Yes, this kind of competition may look messy or even chaotic at times, some countries may run in the wrong direction for a while, and internal disagreements and even institutional crises will ebb and flow. However, as long as the common market for goods, services, capital and people rules, this kind of competition should produce better economic outcomes than a single government for the whole union, which would be far detached from its diverse citizens in 25 or more member states. Countries that pursue the right tax, welfare and labour market policies in this set-up will be rewarded with capital inflows, stronger growth and lower unemployment and can serve as a role model for others who are doing less well. Eventually, the process of "dynamic benchmarking" will lift the boat for all members willing and able to play the game and should result in a less regulated and stronger-growing European economy.

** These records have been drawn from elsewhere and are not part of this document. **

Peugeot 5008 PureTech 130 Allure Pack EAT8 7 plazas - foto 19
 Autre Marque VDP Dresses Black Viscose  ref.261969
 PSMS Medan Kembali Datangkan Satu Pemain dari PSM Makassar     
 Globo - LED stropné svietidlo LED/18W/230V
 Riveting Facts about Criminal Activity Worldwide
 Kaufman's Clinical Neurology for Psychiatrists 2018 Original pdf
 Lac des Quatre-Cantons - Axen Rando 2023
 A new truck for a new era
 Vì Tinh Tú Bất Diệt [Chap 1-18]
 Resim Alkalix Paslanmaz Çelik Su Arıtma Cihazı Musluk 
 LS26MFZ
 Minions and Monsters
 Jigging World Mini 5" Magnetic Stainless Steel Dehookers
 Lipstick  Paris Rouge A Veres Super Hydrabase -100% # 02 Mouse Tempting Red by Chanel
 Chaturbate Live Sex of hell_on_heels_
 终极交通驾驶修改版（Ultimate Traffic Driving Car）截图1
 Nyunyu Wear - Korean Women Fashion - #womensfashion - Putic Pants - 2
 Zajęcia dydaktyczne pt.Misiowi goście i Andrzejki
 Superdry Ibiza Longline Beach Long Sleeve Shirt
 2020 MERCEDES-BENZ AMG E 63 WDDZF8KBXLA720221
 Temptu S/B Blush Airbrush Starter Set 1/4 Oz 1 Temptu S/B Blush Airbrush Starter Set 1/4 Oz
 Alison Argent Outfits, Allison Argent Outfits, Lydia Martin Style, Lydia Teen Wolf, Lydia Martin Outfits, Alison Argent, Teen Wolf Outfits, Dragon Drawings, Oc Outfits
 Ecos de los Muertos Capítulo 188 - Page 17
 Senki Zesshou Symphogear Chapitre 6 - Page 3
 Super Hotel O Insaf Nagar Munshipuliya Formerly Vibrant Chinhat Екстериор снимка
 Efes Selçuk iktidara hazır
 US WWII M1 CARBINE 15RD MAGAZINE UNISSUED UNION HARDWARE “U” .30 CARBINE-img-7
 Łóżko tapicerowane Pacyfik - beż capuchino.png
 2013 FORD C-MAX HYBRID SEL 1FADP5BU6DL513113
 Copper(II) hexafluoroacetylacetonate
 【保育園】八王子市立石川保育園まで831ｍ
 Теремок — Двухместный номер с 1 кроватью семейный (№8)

Growing divisions on budgetary policy and a possible slow death of the Stability and Growth Pact could lead to a significant widening of government bond yield spreads between the more and the less virtuous countries. Partly, this would reflect the actual fiscal policy divergences and partly it would reflect the fact that a financial bail-out for a member state that runs into serious fiscal difficulties will be less likely in a dis-united Europe. Second, in this changed environment, markets will have to attach a higher probability to a break-up of EMU and/or the EU at some future date. While I believe that the economic benefits from participating in both are sufficiently large to make such an event unlikely, we simply cannot neglect the possibility of fraction and secession. Everything else being equal, this suggests a higher risk premium on European financial assets and the euro. Third, a disunited Europe won't make the ECB’s job any easier. As the ECB has no policy instrument to address economic divergence between the euro participants, a growing divergence of budgetary and general economic policies would likely lead to increased political pressures for an easier monetary policy to grease the wheels. Whether the independent ECB would cave in to such pressures is uncertain. Yet, history shows that even the most independent central banks are not immune to the political environment in which they operate.